Appeals court upholds whistleblower precedent in complex but consequential case for feds

A federal appeals court has overturned a ruling from a Merit Systems Protection Board administration judge — part of a complex case that involved multiple agencies and could have upended years of whistleblower precedent for federal employees.

In its ruling last week, the U.S. Court of Appeals agreed with both the Office of Special Counsel — and ultimately the MSPB itself — that an administrative judge improperly ignored certain protected disclosures under federal whistleblower law when considering a case from an employee at the Department of Veterans Affairs.

Had the outcome gone differently, the case could have had potentially precedential consequences for federal employees, according to OSC, which filed an amicus brief on behalf of the VA employee last summer.

OSC at the time said the board’s original decision left “federal employees uncertain about their individual right of action appeal rights under civil service laws and vulnerable to retaliation explicitly prohibited by the statute.”

The details of the case involved Dr. Debra Tao, a pharmacist who had worked for roughly 30 years at the Department of Veterans Affairs.

Tao said the agency suspended and proposed firing her in retaliation for making several protected disclosures under federal whistleblower law — and for her role in disclosing information to OSC, filing a complaint with VA’s still-relatively-new Office of Accountability and Whistleblower Protection, filing an unfair labor practice complaint with the Federal Labor Relations Authority and for testifying in coworkers’ MSPB and equal employment opportunity proceedings.

She filed a complaint with OSC back in 2018. OSC closed its inquiry and suggested Tao seek corrective actions by filing an appeal with an MSPB administrative judge, which she did later in 2018.

Tao raised a total of 16 actions with the MSPB, and the administrative judge addressed seven of them. The judge ultimately dismissed the case, arguing it didn’t have jurisdiction to address Tao’s appeal because she hadn’t effectively proved that she had made reasonable protected disclosures under part of the Whistleblower Protection Act.

The judge’s decision became final last spring, and Tao appealed the MSPB decision with the U.S. Court of Appeals for the Federal Circuit.

Under the Whistleblower Protection Act, federal employees can seek corrective action from the MSPB for any personnel action they believe was taken in retaliation for both disclosing acts of waste, fraud and abuse — and for “exercising a right to complain.”

In its amicus brief, OSC said the MSPB administrative judge “committed reversible error” by failing to recognize Tao’s complaints to the special counsel, a U.S. senator and others as “protected disclosures” under federal whistleblower law.

The judge’s initial legal analysis, OSC said, contradicted longstanding whistleblower laws and bucked with Congress’ intent to give federal employees broad appeal rights against retaliation for both making whistleblower disclosures and for participating in certain whistleblowing activities.

MSPB ultimately agreed and conceded its administrative judge had erred with respect to five of Tao’s 16 actions.

The federal court of appeals agreed as well, and, given the magnitude of the administrative judge’s errors, ordered a new MSPB judge for Tao’s case.

Under more usual circumstances, Tao could have asked the full board to review the initial decision from the MSPB administration judge.
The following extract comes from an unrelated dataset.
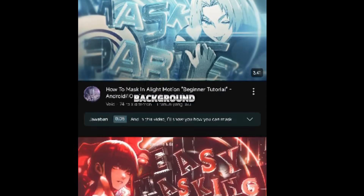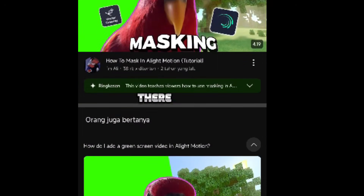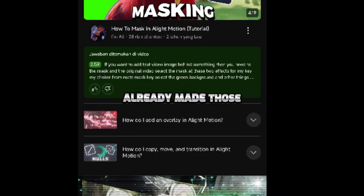But if you want to learn how to remove a background or do masking, just search for tutorials on YouTube — there are tons of creators who've already made those. Alright, let's dive straight into the tutorial. By the way, if the video's too fast for you, feel free to slow it down.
But the board has lacked a quorum for more than four years and hasn’t had a single member for the last two, meaning there’s no one available to rule on petitions for review.

Rather than wait for the Senate to restore a quorum at the board, attorneys have said they’ve seen more employees like Tao take their cases to the federal appeals court.

As of the end of April, there are 3,241 petitions for review awaiting action from the board, according to MSPB data.

The Biden administration has taken an initial step to restore a quorum at the board. President Joe Biden nominated Cathy Harris, an employment attorney and co-manager at the Kator, Parks, Weiser & Harris law firm, as MSPB chairman.

But the MSPB needs at least two members to restore a quorum and three to fill the board, and Biden hasn’t yet appointed additional members to those seats.

While the MSPB and its administrative judges have been issuing decisions and agency attorneys have been hard at work preparing for the eventual restoration of a quorum, the historic situation has prompted Congress and good government groups to pursue alternative legal options beyond the board for federal employees.

House Oversight and Reform Committee Chairman Carolyn Maloney (D-N.Y.) introduced a bill last week that would give federal employees facing whistleblower retaliation another avenue to pursue their cases.